Wednesday, March 12, 2008

In This Post I Very Randomly Start Talking About Israel And Then Can't Seem To Stop...

Welcome to Red Thing March! If you're new to this wonderful event, read this first!

So today it's back to basics folks. It really is time to just accessorize with abandon. I know that The Red Thing can be a sleeping bag. I know that it can even be a burqa. But you've gotta join with me in admitting that these are pretty innovative uses for such a scarf. Today, we're going to take a step back and examine how The Red Thing can function as a very basic clothing companion. Take a look at just how much it snazzifies a simple gray shirt and pair of jeans as The Belt:
Oh yes, sister, you know you'd be styling. You know you'd turn some heads.

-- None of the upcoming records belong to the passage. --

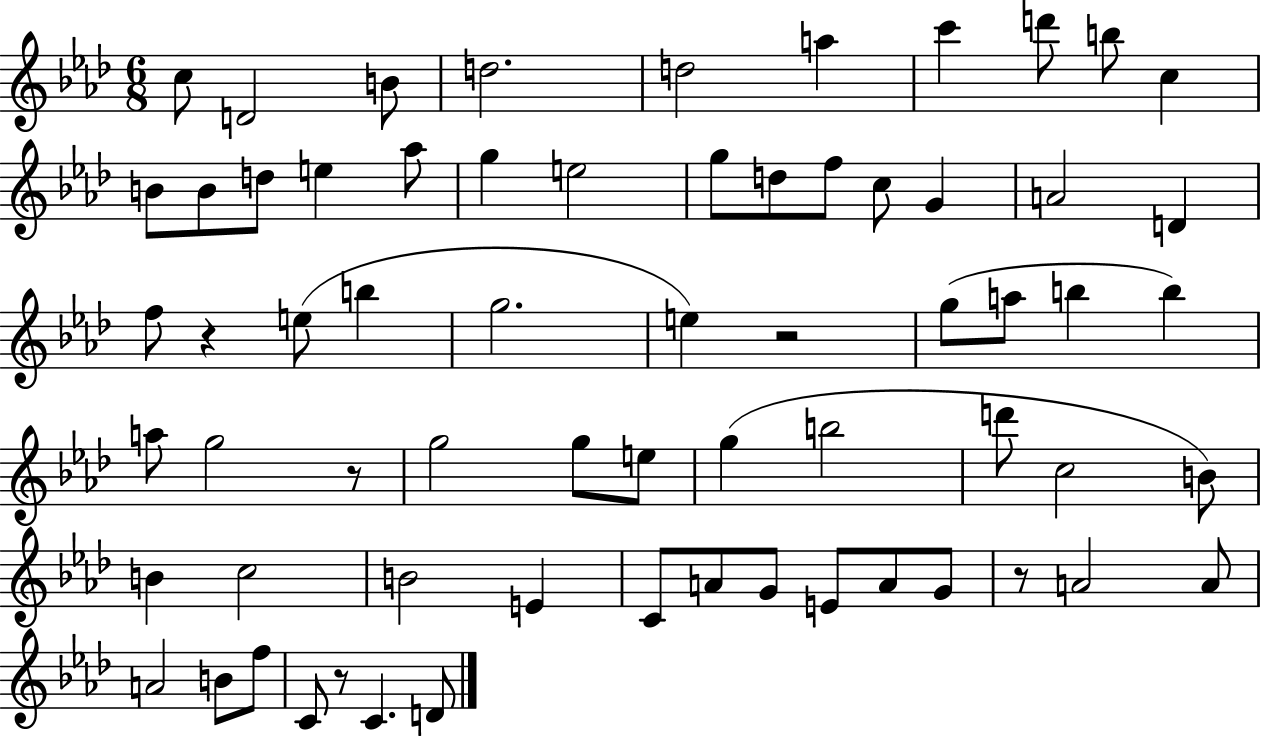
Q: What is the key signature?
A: AES major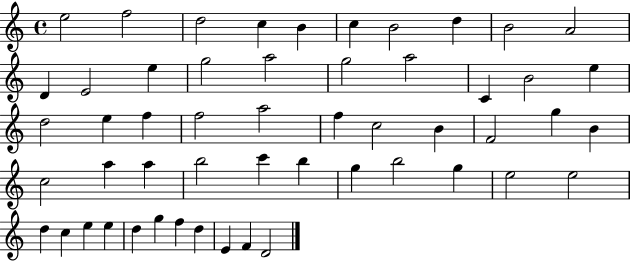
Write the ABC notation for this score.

X:1
T:Untitled
M:4/4
L:1/4
K:C
e2 f2 d2 c B c B2 d B2 A2 D E2 e g2 a2 g2 a2 C B2 e d2 e f f2 a2 f c2 B F2 g B c2 a a b2 c' b g b2 g e2 e2 d c e e d g f d E F D2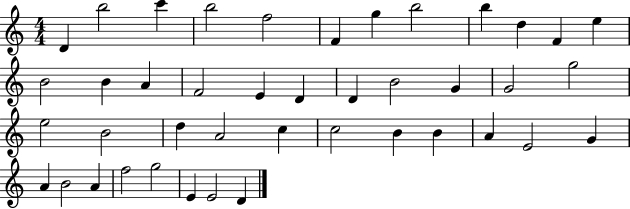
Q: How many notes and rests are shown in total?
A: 42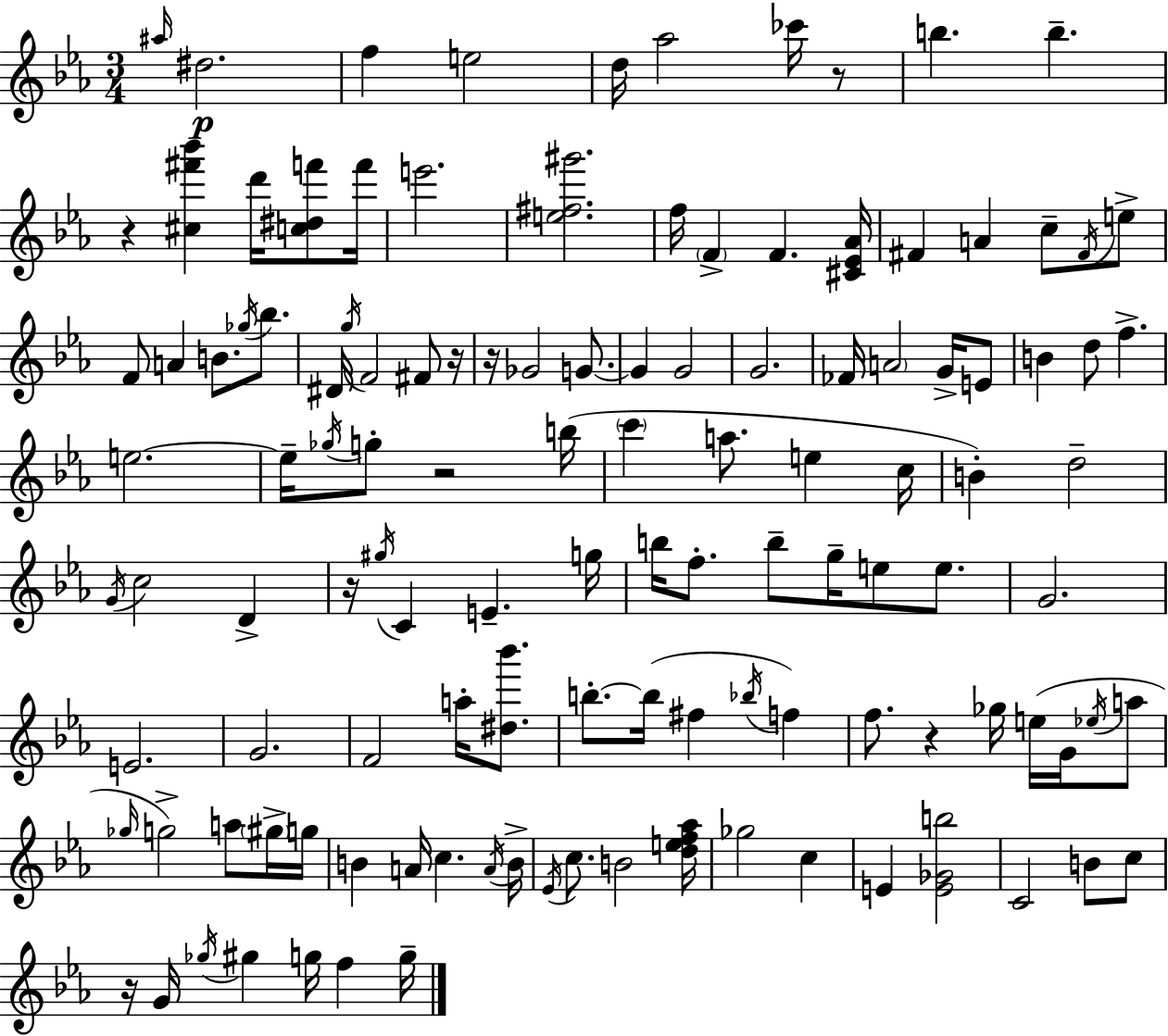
{
  \clef treble
  \numericTimeSignature
  \time 3/4
  \key ees \major
  \grace { ais''16 }\p dis''2. | f''4 e''2 | d''16 aes''2 ces'''16 r8 | b''4. b''4.-- | \break r4 <cis'' fis''' bes'''>4 d'''16 <c'' dis'' f'''>8 | f'''16 e'''2. | <e'' fis'' gis'''>2. | f''16 \parenthesize f'4-> f'4. | \break <cis' ees' aes'>16 fis'4 a'4 c''8-- \acciaccatura { fis'16 } | e''8-> f'8 a'4 b'8. \acciaccatura { ges''16 } | bes''8. dis'16 \acciaccatura { g''16 } f'2 | fis'8 r16 r16 ges'2 | \break g'8.~~ g'4 g'2 | g'2. | fes'16 \parenthesize a'2 | g'16-> e'8 b'4 d''8 f''4.-> | \break e''2.~~ | e''16-- \acciaccatura { ges''16 } g''8-. r2 | b''16( \parenthesize c'''4 a''8. | e''4 c''16 b'4-.) d''2-- | \break \acciaccatura { g'16 } c''2 | d'4-> r16 \acciaccatura { gis''16 } c'4 | e'4.-- g''16 b''16 f''8.-. b''8-- | g''16-- e''8 e''8. g'2. | \break e'2. | g'2. | f'2 | a''16-. <dis'' bes'''>8. b''8.-.~~ b''16( fis''4 | \break \acciaccatura { bes''16 } f''4) f''8. r4 | ges''16 e''16( g'16 \acciaccatura { ees''16 } a''8 \grace { ges''16 }) g''2-> | a''8 \parenthesize gis''16-> g''16 b'4 | a'16 c''4. \acciaccatura { a'16 } b'16-> \acciaccatura { ees'16 } | \break c''8. b'2 <d'' e'' f'' aes''>16 | ges''2 c''4 | e'4 <e' ges' b''>2 | c'2 b'8 c''8 | \break r16 g'16 \acciaccatura { ges''16 } gis''4 g''16 f''4 | g''16-- \bar "|."
}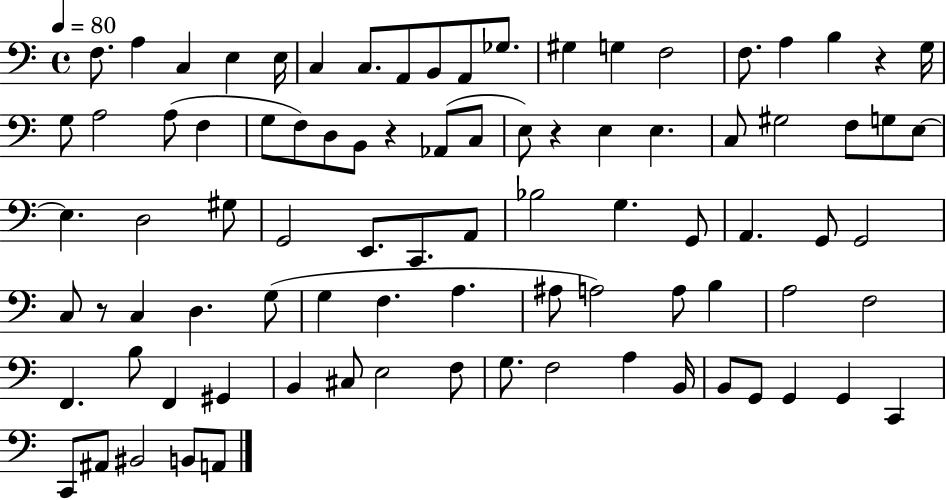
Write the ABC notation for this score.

X:1
T:Untitled
M:4/4
L:1/4
K:C
F,/2 A, C, E, E,/4 C, C,/2 A,,/2 B,,/2 A,,/2 _G,/2 ^G, G, F,2 F,/2 A, B, z G,/4 G,/2 A,2 A,/2 F, G,/2 F,/2 D,/2 B,,/2 z _A,,/2 C,/2 E,/2 z E, E, C,/2 ^G,2 F,/2 G,/2 E,/2 E, D,2 ^G,/2 G,,2 E,,/2 C,,/2 A,,/2 _B,2 G, G,,/2 A,, G,,/2 G,,2 C,/2 z/2 C, D, G,/2 G, F, A, ^A,/2 A,2 A,/2 B, A,2 F,2 F,, B,/2 F,, ^G,, B,, ^C,/2 E,2 F,/2 G,/2 F,2 A, B,,/4 B,,/2 G,,/2 G,, G,, C,, C,,/2 ^A,,/2 ^B,,2 B,,/2 A,,/2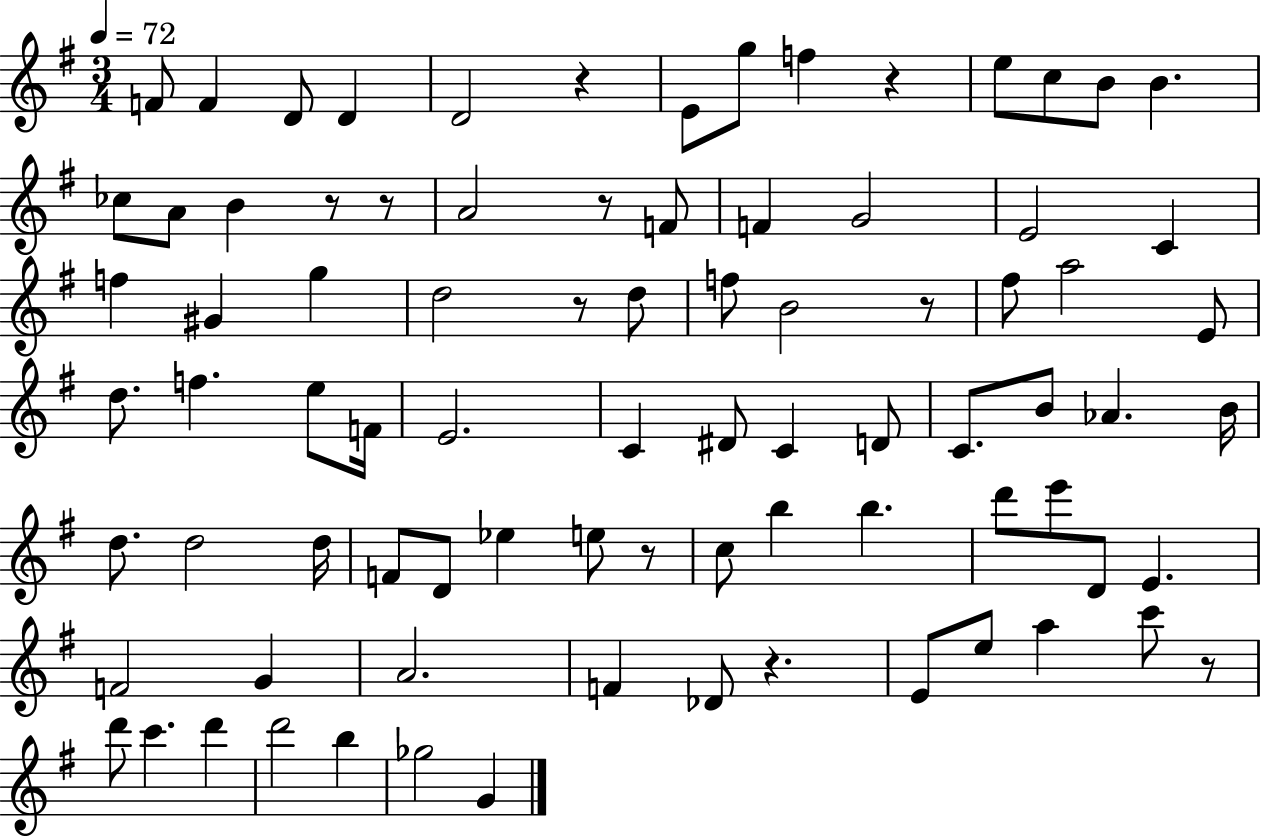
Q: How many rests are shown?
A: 10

And, while I'm sure that this will be yet another word that falls out of Garrett's head (he said dog at nine months old, stopped saying it at ten months and has really never gone back) today marks the day that he emphatically says, "no!" every time I ask him a question. Unless that question happens to be, "Would you like a cookie?" Then, of course, he squeals with glee. He's caught yet another cold and this time he's running a low grade temperature so I doped him up on Tylenol and sent him off to bed. But not before I confiscated his sunglasses. Yesterday he developed the wild notion that he needed to be wearing them at all times. It's continued into today but luckily I was able to convince him that we don't actually need them for sleeping.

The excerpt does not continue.